Partnership for Safe Medicines Applauds Google’s Updated U.S. Pharmaceutical Advertising Policy
WASHINGTON, DC – Feb. 10, 2010 – The Partnership for Safe Medicines (PSM) today commended Google for its updated policy on U.S. pharmaceutical advertising through its paid search program, AdWords.
Toward the end of the month, Google will refine its advertising model to accept ads only from online pharmacies in the U.S. that are accredited by the National Association Boards of Pharmacy’s Verified Internet Pharmacy Practice Sites (VIPPS) program.
The changes will cut out third-party verifiers, leaving VIPPS as Google’s lone online pharmacy accreditation program for drug advertisers in the U.S. While online pharmacies from other countries do pose a threat to consumers purchasing medicines online, PSM acknowledges that the new requirements are a step in the right direction.
“As a group of organizations and individuals dedicated to protecting consumers from counterfeit medicines, we’ve been highly critical of search engines that have permitted illegitimate online pharmacies to advertise fake, substandard and unauthorized medicines,” said Marv Shepherd, PhD, PSM president and director of the Center for Pharmacoeconomic Studies at the University of Texas at Austin's College of Pharmacy. “This is a significant step toward protecting consumers online and thwarting the growing threat of counterfeit drugs.”

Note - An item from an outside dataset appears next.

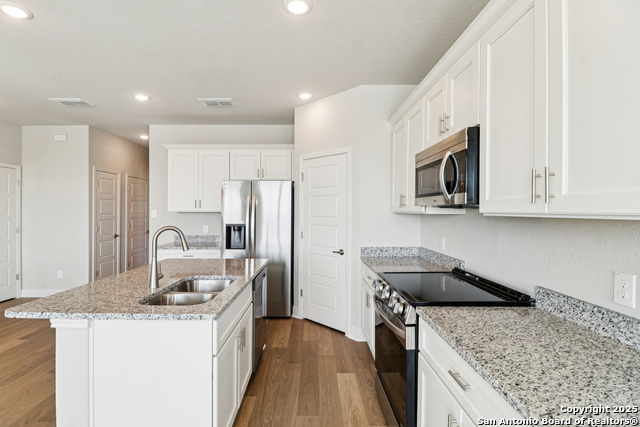 Listing photo id 5 for 7158 Magnolia Creek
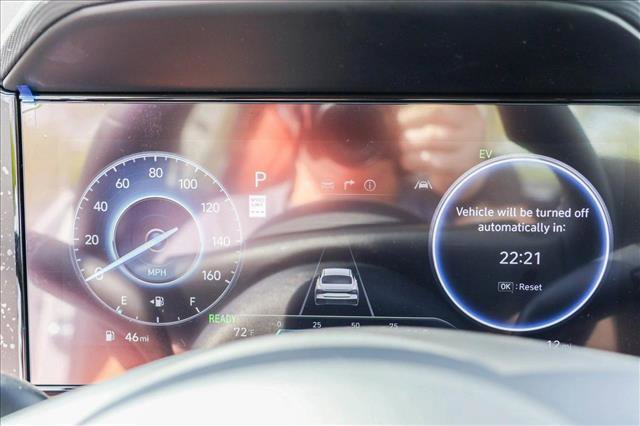 New 2025 Hyundai Elantra SEL image 15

PSM Vice President and Executive Director of the Institute of Health Law Studies Bryan Liang, MD, PhD, JD concurred saying, “Last year, we published the first study identifying the dangers associated with online drug sellers and the limited oversight of search engines. In addition, a later, joint study released by an online pharmacy verification service and an internet compliance company found that 80-90 percent of search engine-sponsored advertisements of online pharmacies violated federal and state laws, including the sale of substandard or counterfeit drugs.” Added Dr. Liang: “We’ve long insisted that online pharmacies be licensed through programs like VIPPS, and we are appreciative that Google recognized the risks of these online drug sellers through its new policy.”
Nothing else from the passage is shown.